▶ _What to do_: From the first line of the entries below to the line with "3 Madewell Whisper tanks - Picture 2 of 4", give each line again exactly.
(Data to use Opens)
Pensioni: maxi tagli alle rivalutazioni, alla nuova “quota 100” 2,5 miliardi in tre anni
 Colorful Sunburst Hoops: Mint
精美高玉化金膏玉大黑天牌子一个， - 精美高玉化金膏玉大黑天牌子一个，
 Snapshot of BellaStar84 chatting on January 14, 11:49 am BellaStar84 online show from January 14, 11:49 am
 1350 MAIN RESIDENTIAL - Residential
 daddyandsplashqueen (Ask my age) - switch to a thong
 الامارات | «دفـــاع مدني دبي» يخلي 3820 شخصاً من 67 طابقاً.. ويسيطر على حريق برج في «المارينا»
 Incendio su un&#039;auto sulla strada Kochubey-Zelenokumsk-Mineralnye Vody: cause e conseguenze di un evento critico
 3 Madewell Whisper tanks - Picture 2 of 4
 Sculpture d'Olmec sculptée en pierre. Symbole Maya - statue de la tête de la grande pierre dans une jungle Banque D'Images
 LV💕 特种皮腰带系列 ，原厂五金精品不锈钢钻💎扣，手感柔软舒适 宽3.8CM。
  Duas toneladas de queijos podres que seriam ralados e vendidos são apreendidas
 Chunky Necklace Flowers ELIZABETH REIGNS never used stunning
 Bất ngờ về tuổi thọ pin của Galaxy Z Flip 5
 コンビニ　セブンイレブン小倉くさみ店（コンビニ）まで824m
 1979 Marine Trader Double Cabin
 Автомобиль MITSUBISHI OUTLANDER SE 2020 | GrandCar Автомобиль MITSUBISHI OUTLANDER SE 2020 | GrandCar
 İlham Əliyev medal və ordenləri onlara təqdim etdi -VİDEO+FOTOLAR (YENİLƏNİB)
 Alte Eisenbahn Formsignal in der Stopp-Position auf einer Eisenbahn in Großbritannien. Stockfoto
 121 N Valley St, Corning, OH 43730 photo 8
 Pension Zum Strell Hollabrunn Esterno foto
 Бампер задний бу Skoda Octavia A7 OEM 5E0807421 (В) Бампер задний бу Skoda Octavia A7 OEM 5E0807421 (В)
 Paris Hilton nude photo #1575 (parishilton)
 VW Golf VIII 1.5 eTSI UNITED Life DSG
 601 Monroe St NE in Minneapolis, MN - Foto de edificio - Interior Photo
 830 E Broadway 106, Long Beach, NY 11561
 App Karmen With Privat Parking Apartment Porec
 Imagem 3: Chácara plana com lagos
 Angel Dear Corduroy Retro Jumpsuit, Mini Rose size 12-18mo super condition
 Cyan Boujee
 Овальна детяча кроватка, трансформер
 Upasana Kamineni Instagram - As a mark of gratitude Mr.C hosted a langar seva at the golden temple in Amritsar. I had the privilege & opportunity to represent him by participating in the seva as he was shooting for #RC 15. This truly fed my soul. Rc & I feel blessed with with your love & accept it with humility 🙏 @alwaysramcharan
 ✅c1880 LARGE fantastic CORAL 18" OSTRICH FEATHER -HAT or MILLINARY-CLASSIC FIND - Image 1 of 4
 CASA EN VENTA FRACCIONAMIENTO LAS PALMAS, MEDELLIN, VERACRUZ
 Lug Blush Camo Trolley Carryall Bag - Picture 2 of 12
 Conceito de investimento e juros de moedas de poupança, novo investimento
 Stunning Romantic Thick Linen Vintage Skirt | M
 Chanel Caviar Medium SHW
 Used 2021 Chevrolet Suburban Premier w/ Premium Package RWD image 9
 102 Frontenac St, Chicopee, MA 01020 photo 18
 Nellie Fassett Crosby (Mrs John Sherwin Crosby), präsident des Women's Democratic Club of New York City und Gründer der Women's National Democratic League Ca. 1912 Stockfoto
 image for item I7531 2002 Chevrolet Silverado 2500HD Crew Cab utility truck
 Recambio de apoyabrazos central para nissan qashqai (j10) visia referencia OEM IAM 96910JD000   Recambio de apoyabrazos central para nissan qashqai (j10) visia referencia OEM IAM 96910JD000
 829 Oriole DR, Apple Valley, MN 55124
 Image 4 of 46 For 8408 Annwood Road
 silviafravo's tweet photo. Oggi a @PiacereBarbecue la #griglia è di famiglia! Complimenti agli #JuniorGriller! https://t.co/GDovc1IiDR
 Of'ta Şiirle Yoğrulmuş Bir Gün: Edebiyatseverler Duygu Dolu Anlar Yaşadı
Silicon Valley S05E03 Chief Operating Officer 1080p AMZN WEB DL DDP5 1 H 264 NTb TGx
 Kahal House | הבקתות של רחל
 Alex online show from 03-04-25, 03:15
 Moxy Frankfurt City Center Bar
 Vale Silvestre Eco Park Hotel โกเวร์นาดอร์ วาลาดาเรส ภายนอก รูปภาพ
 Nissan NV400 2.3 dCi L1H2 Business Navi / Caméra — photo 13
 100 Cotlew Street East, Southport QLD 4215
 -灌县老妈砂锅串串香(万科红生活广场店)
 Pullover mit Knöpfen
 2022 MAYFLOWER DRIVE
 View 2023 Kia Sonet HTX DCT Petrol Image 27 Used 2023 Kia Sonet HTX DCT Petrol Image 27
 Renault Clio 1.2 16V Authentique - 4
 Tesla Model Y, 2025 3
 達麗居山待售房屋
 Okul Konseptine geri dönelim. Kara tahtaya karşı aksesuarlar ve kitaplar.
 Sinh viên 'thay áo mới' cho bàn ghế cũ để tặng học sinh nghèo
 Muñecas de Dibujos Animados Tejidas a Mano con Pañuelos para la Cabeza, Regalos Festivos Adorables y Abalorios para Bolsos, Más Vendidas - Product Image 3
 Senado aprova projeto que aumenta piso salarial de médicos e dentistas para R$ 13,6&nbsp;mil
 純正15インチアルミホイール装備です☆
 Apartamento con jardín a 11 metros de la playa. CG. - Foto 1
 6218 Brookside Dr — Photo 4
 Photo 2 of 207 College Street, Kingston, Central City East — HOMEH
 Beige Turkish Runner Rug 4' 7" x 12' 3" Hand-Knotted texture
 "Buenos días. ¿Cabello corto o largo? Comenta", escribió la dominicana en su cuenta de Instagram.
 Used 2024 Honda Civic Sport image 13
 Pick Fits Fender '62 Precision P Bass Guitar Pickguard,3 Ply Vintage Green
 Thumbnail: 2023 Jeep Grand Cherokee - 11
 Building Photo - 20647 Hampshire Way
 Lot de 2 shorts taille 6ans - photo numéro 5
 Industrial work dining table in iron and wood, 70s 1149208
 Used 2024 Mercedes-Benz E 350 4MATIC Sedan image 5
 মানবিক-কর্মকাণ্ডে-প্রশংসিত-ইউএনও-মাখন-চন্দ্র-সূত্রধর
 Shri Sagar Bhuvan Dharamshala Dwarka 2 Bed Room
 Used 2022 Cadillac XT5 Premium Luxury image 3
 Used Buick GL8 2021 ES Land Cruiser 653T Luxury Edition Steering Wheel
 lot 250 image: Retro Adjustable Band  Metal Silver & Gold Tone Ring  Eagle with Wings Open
(Data to use Closes)
▶ _Exercise solution_:
Pensioni: maxi tagli alle rivalutazioni, alla nuova “quota 100” 2,5 miliardi in tre anni
 Colorful Sunburst Hoops: Mint
精美高玉化金膏玉大黑天牌子一个， - 精美高玉化金膏玉大黑天牌子一个，
 Snapshot of BellaStar84 chatting on January 14, 11:49 am BellaStar84 online show from January 14, 11:49 am
 1350 MAIN RESIDENTIAL - Residential
 daddyandsplashqueen (Ask my age) - switch to a thong
 الامارات | «دفـــاع مدني دبي» يخلي 3820 شخصاً من 67 طابقاً.. ويسيطر على حريق برج في «المارينا»
 Incendio su un&#039;auto sulla strada Kochubey-Zelenokumsk-Mineralnye Vody: cause e conseguenze di un evento critico
 3 Madewell Whisper tanks - Picture 2 of 4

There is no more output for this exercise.